Hi everyone,
I ran into a situation that is almost exactly like the one MMM discusses in the margin loan posting, and I am trying to understand the math. Here is a situation:
I found a good house for sale for about USD 277K. Add closing costs and all that crazy stuff, and let's call it 300K.
Currently, I have 800K in equities (VOO), and 100K in treasuries. I also have about 50K in cash.
IB tells me this:
Portfolio Initial Margin USD $79,725.12
Reg-T Initial Margin USD $402,882.12
Portfolio Maintenance Margin USD $72,477.38
Reg-T Maintenance Margin USD $201,441.06
If I borrow all 300K against the 800K equities position, what happens? Is the below right?
1. My equities portfolio value drops to 500K.
2. I am very close to the Initial Margin, not so close to the Maintenance Margin.

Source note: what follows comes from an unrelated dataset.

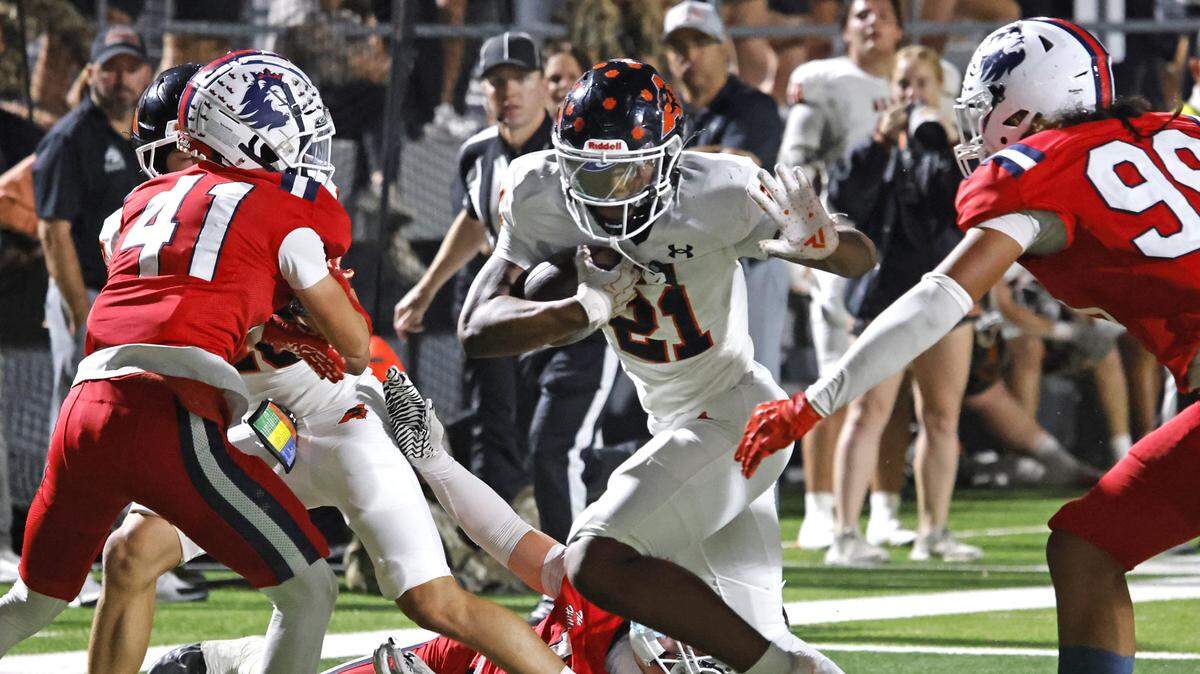 Aledo running back Kaden Winkfield (21) heads up the middle into the defense of North Richland Hills Richland defensive back Paxon Weeks (41) and defensive lineman Gevariah Kneubuhl (99) during the first half of a UIL football game on Thursday, October, 23, 2025 at Birdville FAAC Stadium in North Richland Hills, Texas.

What I don't quite understand is where the "oh, shit!" level kicks in. Is it when the equities portfolio value hits ~402 (i.e a 12.5% drop in the value of my VOO equities), or is it when it hits ~201 (i.e. a drop of more than 30%)? I have no idea what the Portfolio Maintenance Margin means, so I am even less comfortable.
Realistically, I am unlikely to take this plunge because there are non-financial considerations at play, but I will eventually want to buy something (most likely something cheaper) and this is a question that keeps recurring to me. Also, unless I understand how this stuff works, I am not going near margin loans. I can also buy a 50k house and be happy. Bad location for everyone else, paradise for me.
Also, I am not in the US, so other sources of financing are not available at interest rates that make any sense (over 10% currently). Cheap housing prices giveth, the banks taketh away.
Feel free to punch. I would rather get them here than in my wallet.